I was told today that I was a boy, not a man. This is true. The ironic part? Knowing and acknowledging that fact makes me more of a man than most of the men I know. I was also told I had a lot to learn about life. This is also accurate. Anyone who thinks they don't is either incredibly closed-minded or incredibly old. I was told I don't think before I act, and that can be hurtful. Once again, guilty as charged. But flip that coin over, and you'll see that I wouldn't have half the blessings or success I currently enjoy without acting based on that very same recklessness, a term I use loosely. Of course there's gonna be some damage. It's not my intention, it never is. But that is simply built into the system.

I am flawed, I am careless, and I am frequently unintentionally inconsiderate. Yes, there were a few things brought to my attention today that stung pretty badly. Not the first time, won't be the last, I hope. But they didn't sting enough for me to take aim and try to scalp this person. To the one I had this altercation with? Thank you for helping me see a few things I may have overlooked. I have a lot to learn. So do you. And if you feel stronger and more protected by imagining you can pinpoint every subtle nuance of someone you hardly know, more power to you. It's a defended life, but one that probably instills a great deal of confidence. False as it might be at times.

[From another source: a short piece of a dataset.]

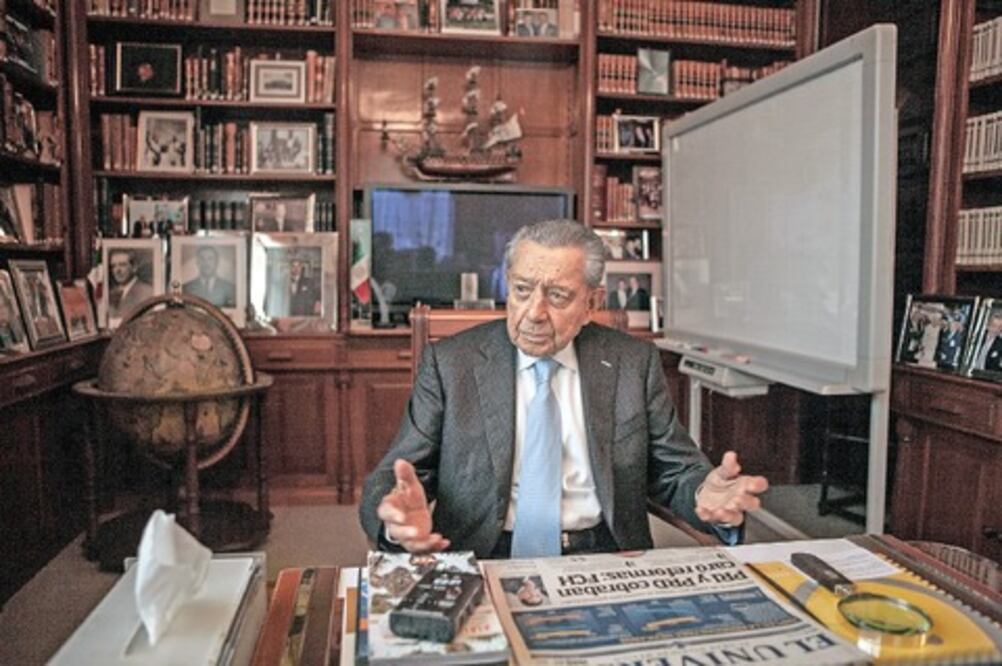 “Empresarios deben reinvertir”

I'm not making an attack here, just responding to one proportionately. Maybe I feel this strongly about it because I rather like the person who said all this stuff about me. Or maybe I'm still a raw nerve about the other recent developments in my life. Either way, no malice is intended. These last few words will of course be ignored, but hey, ill feelings tend to give you selective vision and hearing.

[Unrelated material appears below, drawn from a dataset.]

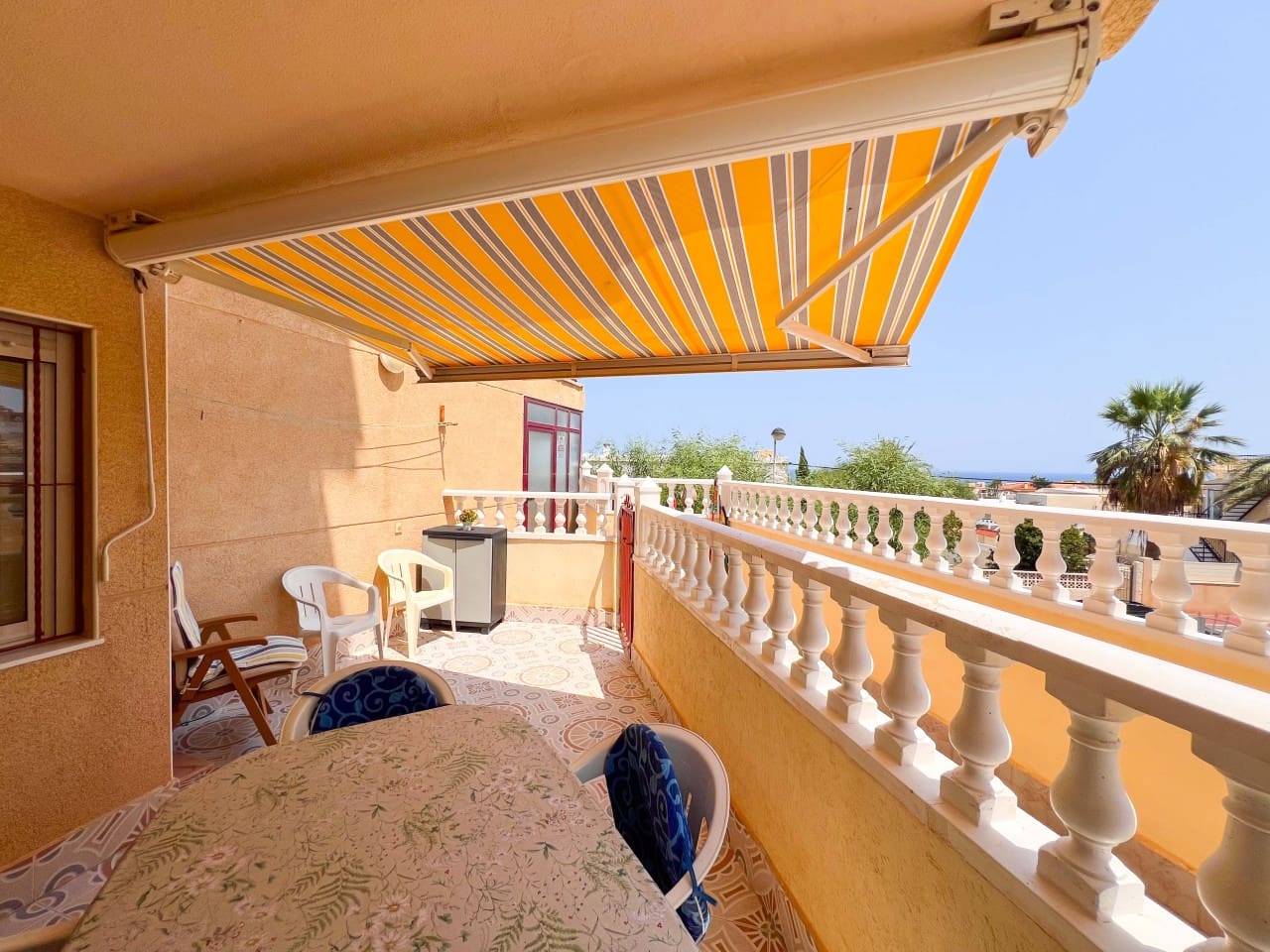 1 chambre Appartement à vendre à Torrevieja - 123 500 € (Ref: 9233171)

For those of you who have been wondering what I've been up to, some see the One-Act I'm currently performing in, called "My Dog Heart." It is part of the prestigious Ensemble Studio Theatre Marathon Series, which contains 5 one-act plays, and all the pertinent info can be found on their site, www.ensemblestudiotheatre.org. Hey, it's worth it just to see Dana Delany live on stage doing a new Neil Labute play.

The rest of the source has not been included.